Big West, Studio Nue, and Harmony Gold USA have announced that the companies agreed to allow the immediate distribution of most Macross television sequels and films. The agreement signed on March 1, 2021 also confirms that Big West “will not oppose the Japanese release of an anticipated upcoming live-action Robotech film.” Big West will not contest Harmony Gold USA’s exclusive license with Tatsunoko for the use of the 41 Macross characters and mecha designs in the Robotech television series and related merchandise outside Japan. The companies agreed to cooperate on the distribution of future Macross and Robotech projects.
Studio Nue launched the Macross franchise in 1982 with The Super Dimension Fortress Macross. Studio Nue worked with the advertising agency Big West and the anime studio Tatsunoko Production as production partners. The franchise spawned three more television series, several theatrical films, and several video series.
Tatsunoko licensed various rights to the first Macross series, Genesis Climber Mospeada, and The Super Dimension Cavalry Southern Cross to the licensing company Harmony Gold USA in 1984. Harmony Gold edited and rewrote the three shows into its 85-episode Robotech series in 1985. Harmony Gold went on to produce sequels, including 1986’s Robotech II: The Sentinels and 2006’s Robotech: The Shadow Chronicles
Harmony Gold also signed two live-action motion picture deals: in 2007 with Warner Bros. and in 2016 with Columbia Pictures.
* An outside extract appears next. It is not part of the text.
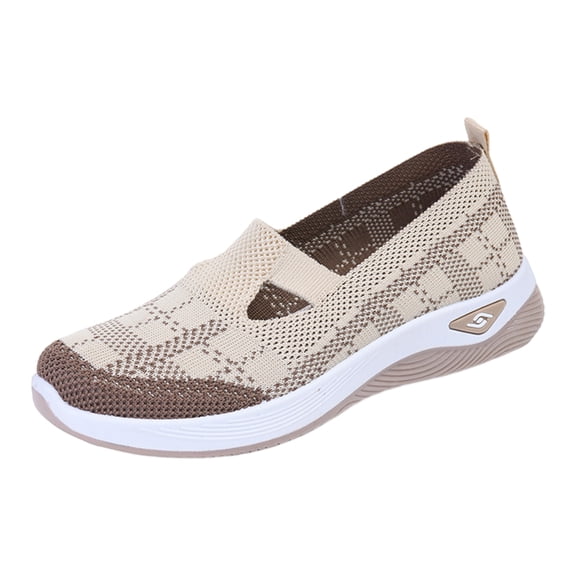 Domuza Womens Orthopedic Athletic Shoes Walking Shoes - Lightweight, Loose Fit, Breathable, Mesh-Comfortable, Soft Soled, Wide & Bulky Sneakers Khaki 6.5(EU-37)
As of this writing, no live-action films have yet been released.
In a 1991 agreement, Tatsunoko granted Harmony Gold USA the exclusive right to exploit 36 episodes of Macross, along with 25 episodes of Mospeada and and 23 episodes of Southern Cross, for 10 years. The two companies extended the agreement in 1998, 2002, and then 2019.
Around 1998, Big West filed a lawsuit against Tatsunoko, claiming it, not Tatsunoko, had the rights to make sequels to Macross. A 2003 court decision ruled in favor of Tatsunoko, saying that Tatsunoko had the right to license Macross to Harmony Gold, but Big West retains the rights to 41 of the original designs used in the series.
As a result of these proceedings, Tatsunoko and Harmony Gold’s agreement in 1998 revoked Harmony Gold’s right to make sequels to the three shows in question, but the 2002 agreement restored them for Mospeada and Southern Cross only. A 2003 agreement restored Harmony Gold’s right to make derivative works of Macross, except with the designs owned by Big West. Tatsunoko disputed this 2003 agreement in its counterclaims, but the court upheld the agreement as valid.
Also as a result of the litigation, Tatsunoko asked Harmony Gold to protect Macross trademarks outside of Japan, and agreed that Harmony Gold could deduct legal fees from royalties paid to Tatsunoko. Tatsunoko also disputed this agreement in its counterclaims, but again the court ruled in favor of Harmony Gold.